I have a PCMCIA card (WPC54G v3 linksys wireless-G notebook adapter)
used for my internet connection. I have a dual core processor with
Windows XP sp2 uptodate. I installed my wireless adapter on the
notebook and got internet connection easily. But the CPU usage showed
by the task manager was indicating me 50% (one of the two processors
used all the time), while, at the same time the idle process was using
99% of the CPU. Googleing across the web, I downloaded "Process
Explorer" which is like the taks manager, but with a little more
details. It showed me that most of the CPU usage came from hardware
interrupts. As a matter of fact, when I take off my network wireless
adapter, the CPU usage drops down to almost 0%. And when I put it
back, the problem comes back.
Googleing into this a little bit more, I see that disabling
peripherals one by one would pinpoint me the culprit. As I know it is
related to my adapter, I sucessively disabled all peripherals linked
with the adapter.

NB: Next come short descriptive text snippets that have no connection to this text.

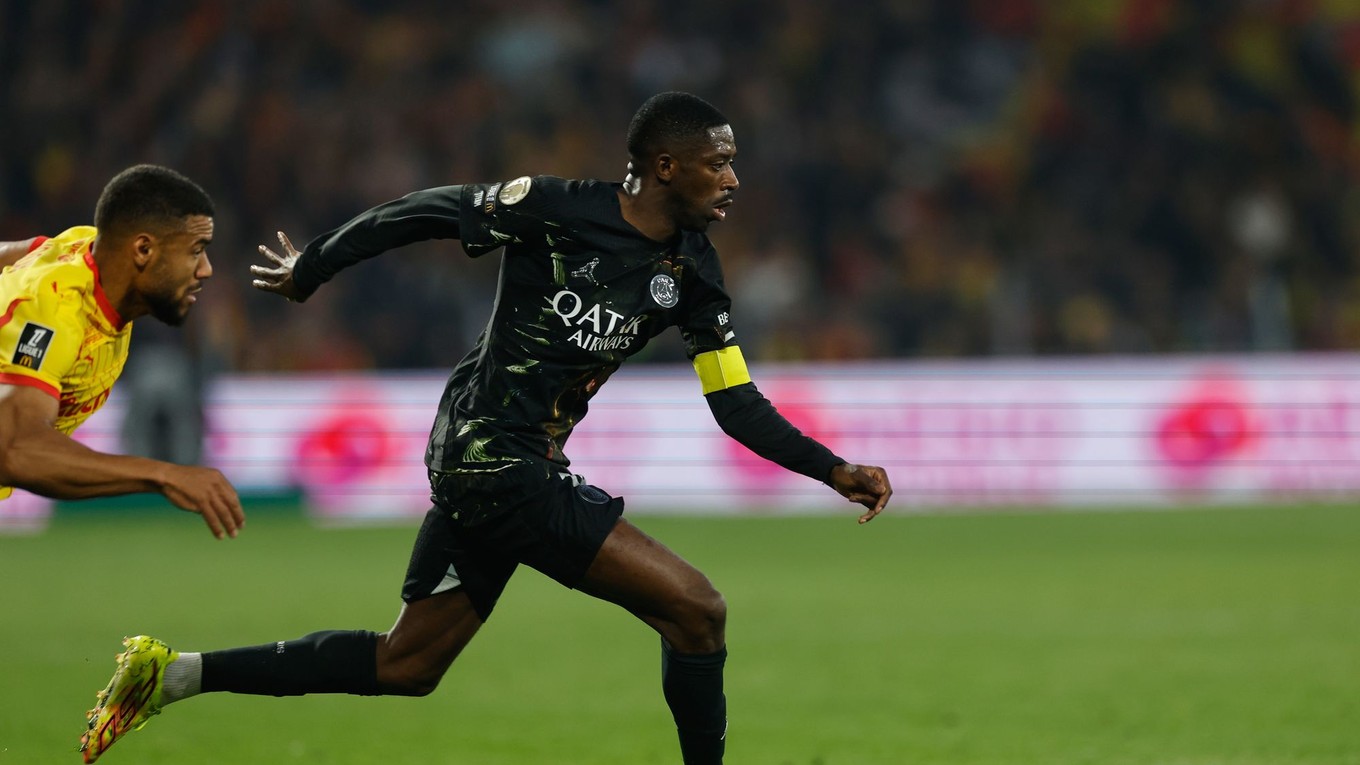 Ousmane Dembele v drese PSG.
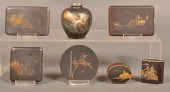 SEVEN PIECES OF JAPANESE DAMAS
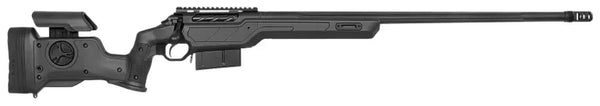Präzisionsgewehr mit verstellbarem Schaft und langem Lauf, modern, schwarz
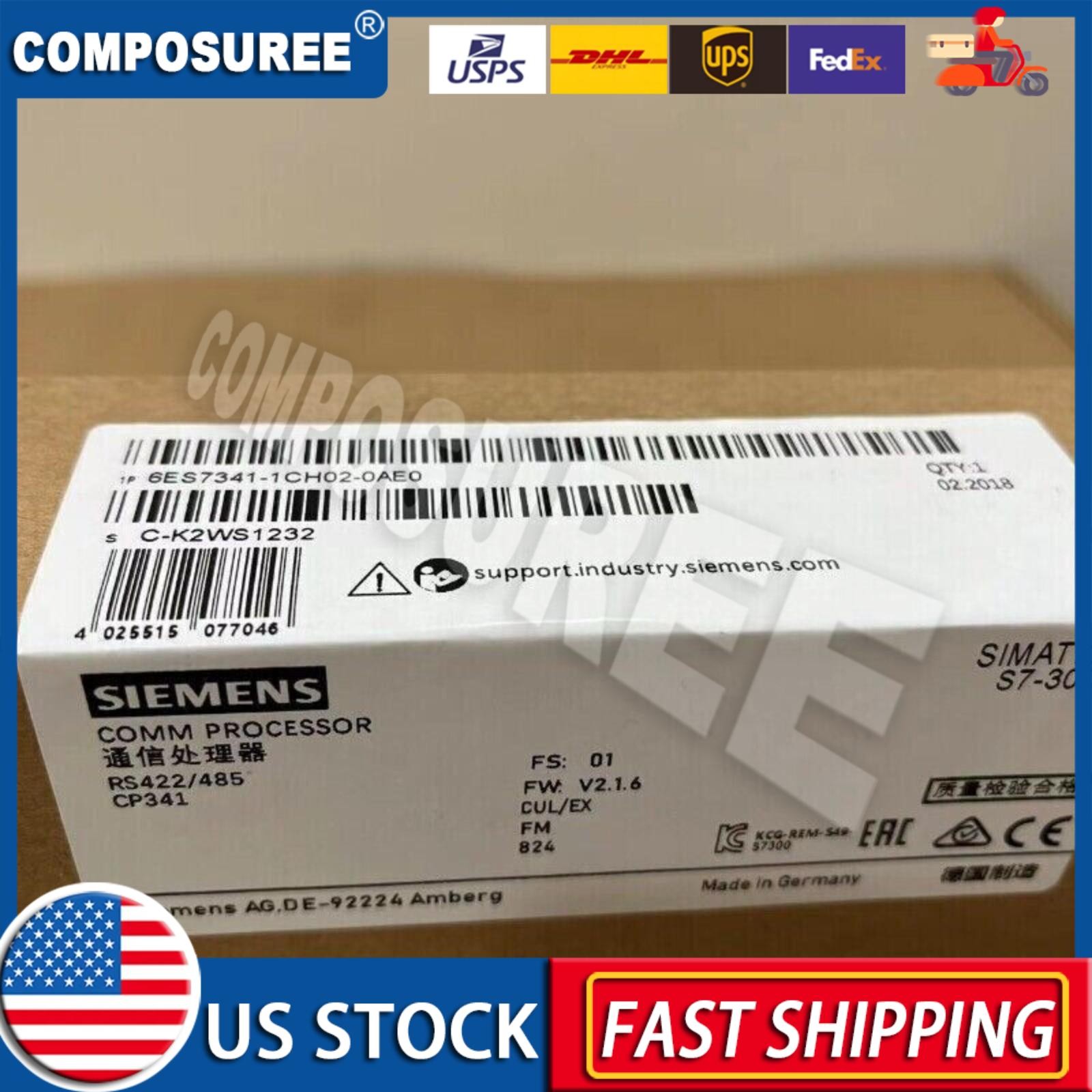1PC New In Box Siemens 6ES7341-1CH02-0AE0 6ES7 341-1CH02-0AE0 input module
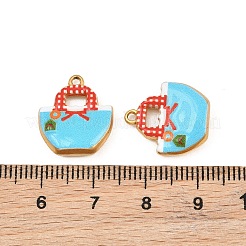 Pendentifs en acier inoxydable 304 émaillé imprimé&nbsp;SA-CBADC81-18G-03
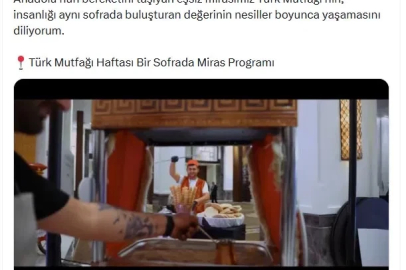 Emine Erdoğan'dan 'Bir Sofrada Miras' programına ilişkin paylaşım 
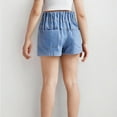 thumbnail image 5 of ZACPNCV Jean Shorts for Girls High Waisted Casual Denim Shorts Elastic Waist Ruffle Shorts Kids Summer Beach Jeans Blue 5-6 Years, 5 of 7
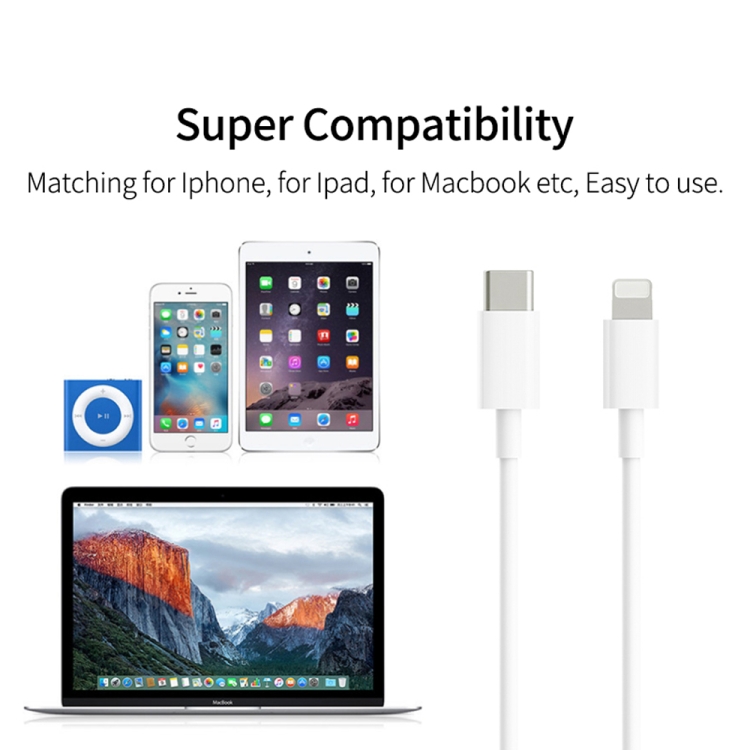 1m PD20W USB-C / Type-C to 8 Pin PD Fast Charging Sync Data Cable for iPhone 13 / 12 Series 1m PD20W USB-C / Type-C to 8 Pin PD Fast Charging Sync Data Cable for iPhone 13 / 12 Series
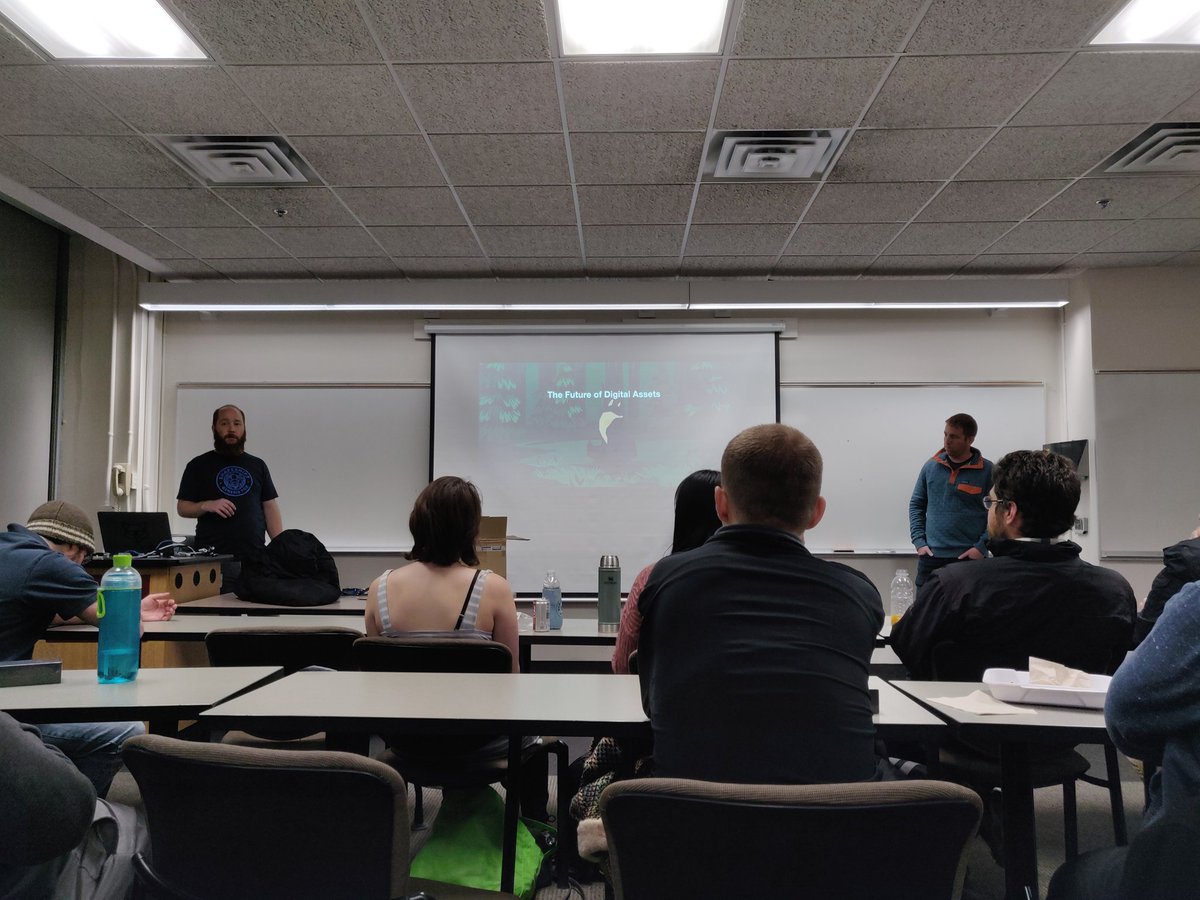 CryptoUMN's tweet photo. Big thank you to @cryptokeepkey for their presentation, Q&amp;A, and giveaway this evening! https://t.co/0FCVjOH9uU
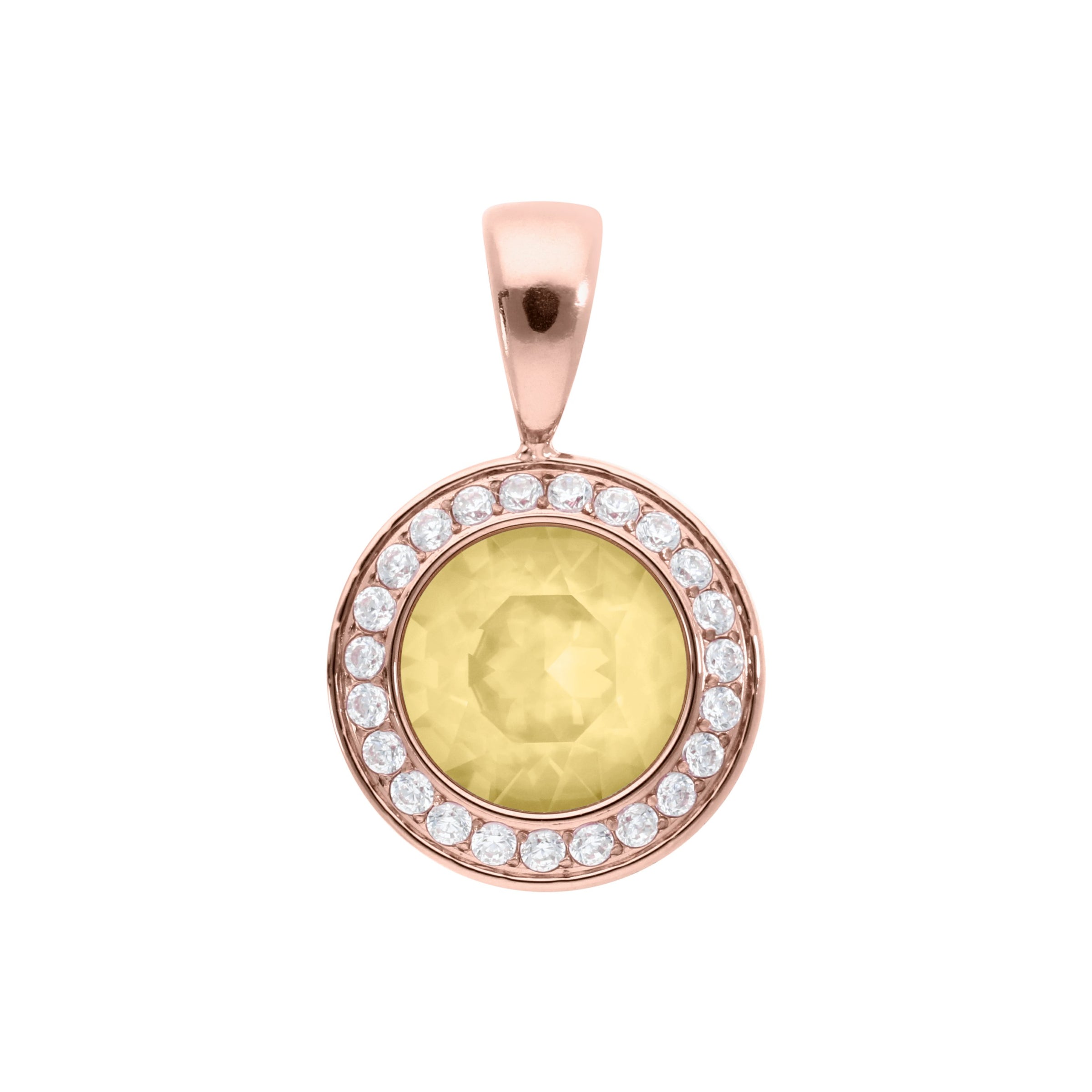 Tondo Deluxe Anhänger 13 mm - Roségold Recreated Dark Jonquil
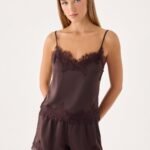 Ellora Cami Top - Chocolate
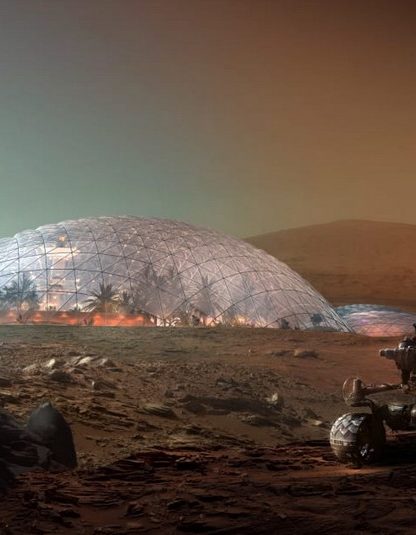 dome ville dubai mars martiene ville biodome concept architecte planete rouge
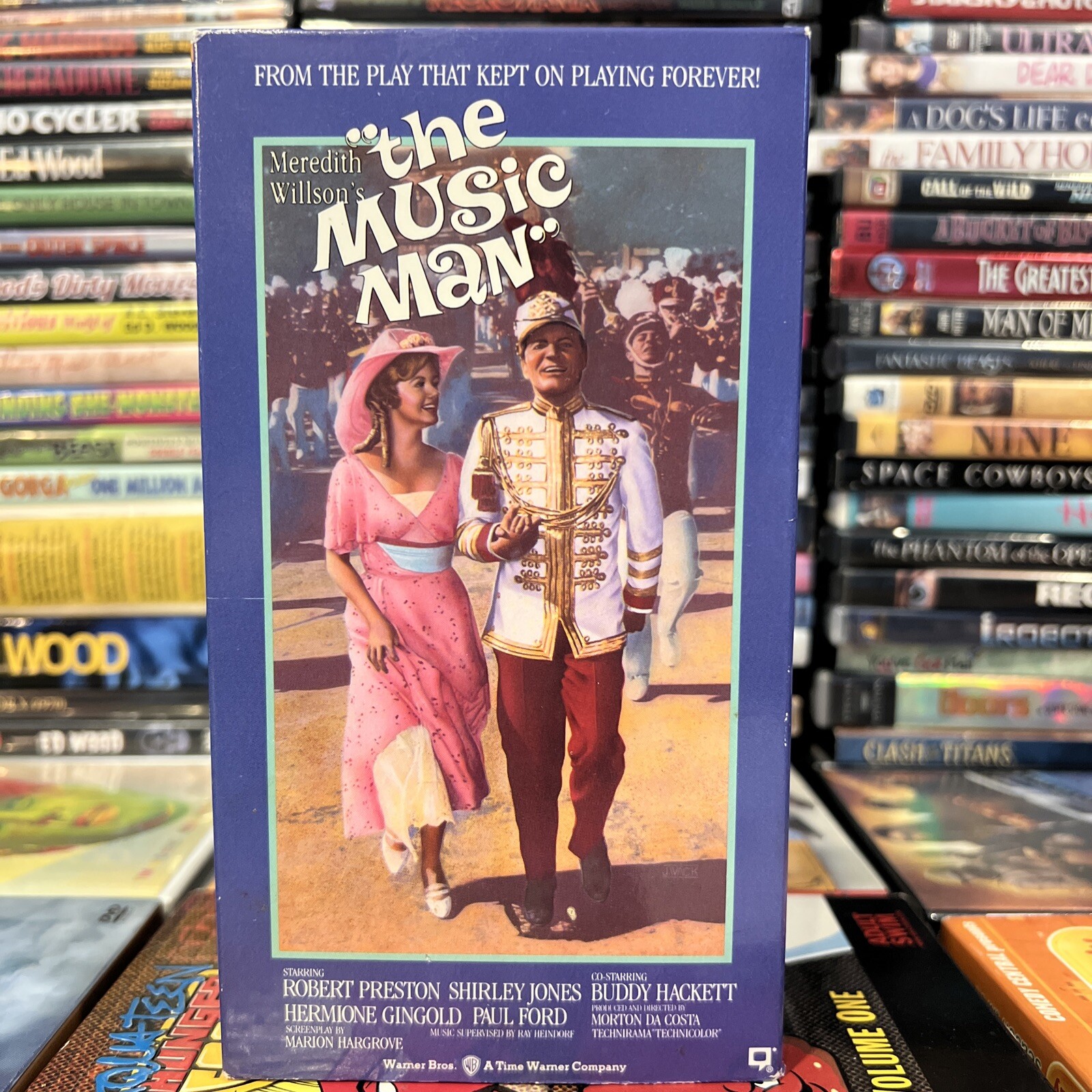 The Music Man 1962 VHS Tested Robert Preston Shirley Jones Ron Howard Romance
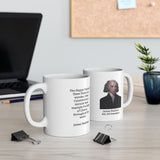 5JMM   James Madison Historical quote mug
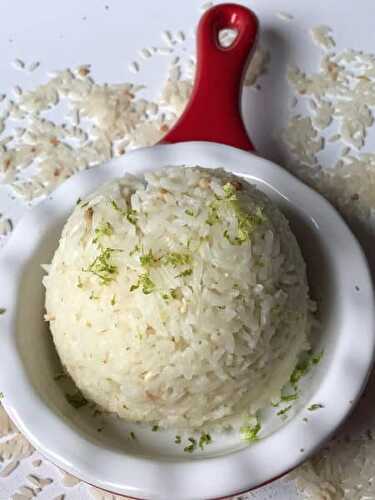 Coconut Lime Jasmine Rice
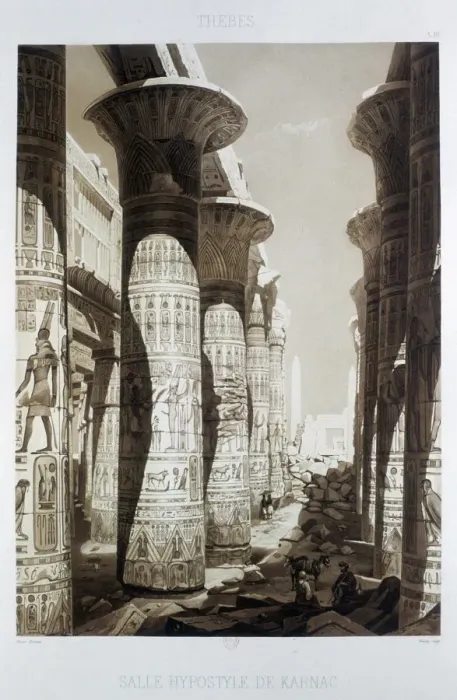 Framed Print : Hypostyle Hall, Thebes, Karnak, Egypt, 1841. Artist: Himely Framed Print : Hypostyle Hall, Thebes, Karnak, Egypt, 1841. Artist: Himely
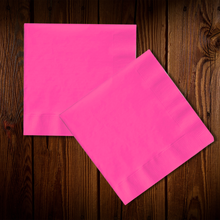 Cargar imagen en el visor de la galería, Servilleta grande sin diseño. de Colores. 12 Unidades
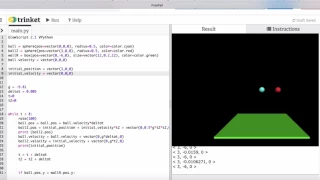 Vpython - Free fall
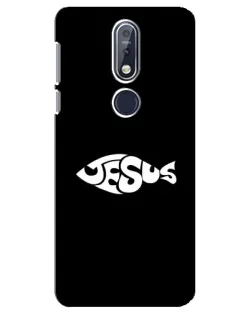 Чохол для Nokia 7.1 (2018) з картинкою «Риба  Jesus»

I even disabled the hidden peripherals. But the
problem stayed. once all my peripherals were disabled, I shutdown my
computer and when it came up, of course, the problem was gone. There
is around 10 peripherals related with the adapter, and
disabling/enabling a peripheral takes some time. If in addition to
that I have to do a power off power on each time I test a peripheral,
it will take me hours. Would you have any hint on this ? Any tool that
could help and go into more details into the hardware interrupts ? Any
method to track this problem down would be much appreciated.

Of course, I forgot to say I have updated all the drivers from linksys
website. And I also tryied to disable all the running services I
could, but none of the stopped services could stop the hardware
interrupts problem.

Alexandre.
 
R

Ron Badour

I think you should be dealing with Linksys tech support since it is their
hardware causing the problem--the adapter may even be faulty.
 
S

Swifty

I think you should be dealing with Linksys tech support since it is their
hardware causing the problem--the adapter may even be faulty.

It might also be working correctly. If you've inherited an IP address
that had recently been used by someone doing file sharing (say) then you
may very well be being bombarded with IP requests.

Do the interrupts stop if you unplug the network cable?
 
A

AG

"Swifty" <[email protected]> a écrit dans le message de (e-mail address removed)...
I think you should be dealing with Linksys tech support since it is their
It might also be working correctly. If you've inherited an IP address that
had recently been used by someone doing file sharing (say) then you may
very well be being bombarded with IP requests.

Do the interrupts stop if you unplug the network cable?

I have a linksys wireless router with and a dynamic IP. At home, my network
is configured using DHCP. the IP of the notebook is always the same
(192.168.0.2). I have a second computer, that also is connected to the
router using a wireless connection (PCI card) and that is running without
any problem. I have a firewall configured. If I were bombarded with IP
requests, my firewall router would intercept them, and if it were not, there
is little chance requests would have been transfered to my notebook only.

Thank you anyway for trying. I think I will try dealing with linksys people.